Claire swallowed, “But York … it’s so far from here.”
He bent over her and kissed the top of her head. “What a wonder you are. After all Abella has done that you would care to have her within a thousand miles is amazing.”
Claire didn’t actually, but if Abella were far away, then Flavian would be gone a lot. He’d seen what the girl was capable of, but couldn’t help loving her all the same.
Clearing her throat, Claire reached for his hand. “She’s your daughter, isn’t she?”
He looked stunned. “How did you guess?”
“It’s not in her features. But you sang to me, didn’t you, when I was bedridden? I pretended to be asleep because I knew you’d stop if you thought I was listening.” He looked down, shamefaced. “You’ve a beautiful voice. Your daughter inherited your talent.”

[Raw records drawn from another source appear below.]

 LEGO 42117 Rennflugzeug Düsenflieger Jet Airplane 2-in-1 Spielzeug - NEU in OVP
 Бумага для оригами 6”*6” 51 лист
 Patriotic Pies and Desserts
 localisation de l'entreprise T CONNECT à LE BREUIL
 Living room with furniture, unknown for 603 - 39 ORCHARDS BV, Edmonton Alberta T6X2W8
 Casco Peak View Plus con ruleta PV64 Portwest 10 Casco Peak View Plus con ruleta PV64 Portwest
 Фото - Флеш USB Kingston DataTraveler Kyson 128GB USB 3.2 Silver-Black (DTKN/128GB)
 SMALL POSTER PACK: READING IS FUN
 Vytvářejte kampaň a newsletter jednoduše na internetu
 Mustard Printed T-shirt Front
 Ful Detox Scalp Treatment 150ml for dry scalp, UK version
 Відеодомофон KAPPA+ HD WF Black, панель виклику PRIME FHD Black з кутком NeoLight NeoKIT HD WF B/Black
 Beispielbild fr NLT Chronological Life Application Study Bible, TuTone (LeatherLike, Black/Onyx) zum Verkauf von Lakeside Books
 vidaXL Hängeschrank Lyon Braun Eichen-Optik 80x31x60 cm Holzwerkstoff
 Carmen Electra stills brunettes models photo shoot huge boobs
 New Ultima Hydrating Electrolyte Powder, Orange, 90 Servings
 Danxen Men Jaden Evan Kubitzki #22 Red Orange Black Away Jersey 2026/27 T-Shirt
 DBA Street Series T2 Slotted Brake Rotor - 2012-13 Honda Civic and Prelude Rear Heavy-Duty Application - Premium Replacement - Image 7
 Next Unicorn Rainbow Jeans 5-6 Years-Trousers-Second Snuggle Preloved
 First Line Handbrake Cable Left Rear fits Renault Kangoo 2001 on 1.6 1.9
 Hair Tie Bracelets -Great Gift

“Ah,” he said. His eyes were bleak with sorrow. “I’m afraid she’s inherited a few not-so-fine features from me as well.”
“Such as?”
“Isn’t it obvious?”
Claire rubbed her arms. She’d encountered this argument from men before. “Of all the ancestors in the long gallery, you never mentioned one who is mad, and you don’t suffer the same delusions as Abella.”
“The sins of the father are visited upon … ”
“No. Men overestimate their role in the traits of their children. The mother has at least as much influence.” Flavian looked doubtful, so Claire plunged on, though her throat began to hurt. “My Uncle Sebastian bred champion race horses. He paid attention to the dams as well as the stallions. The same is true of humans.
“So, who is Abella’s mother?”
The pain that washed over Flavian’s features frightened her. He turned away as if he were about to leave the room. Catching himself, he sat beside her on the settee instead. “You’re to be my wife. Surely, no one can expect me to keep this a secret from you. What you meant to ask is … who
was
Abella’s mother.”
“She’s gone then?”
He took Claire’s hand, squeezed the fingers, then rose like a sleepwalker and went to a globe fixed on an elaborately carved pedestal. Giving it a spin, he watched the earth go by, as if he looked to each passing country for the right words. Brooding, aging right before her eyes, Claire knew that at last she would understand the darkness that plagued her future husband’s soul.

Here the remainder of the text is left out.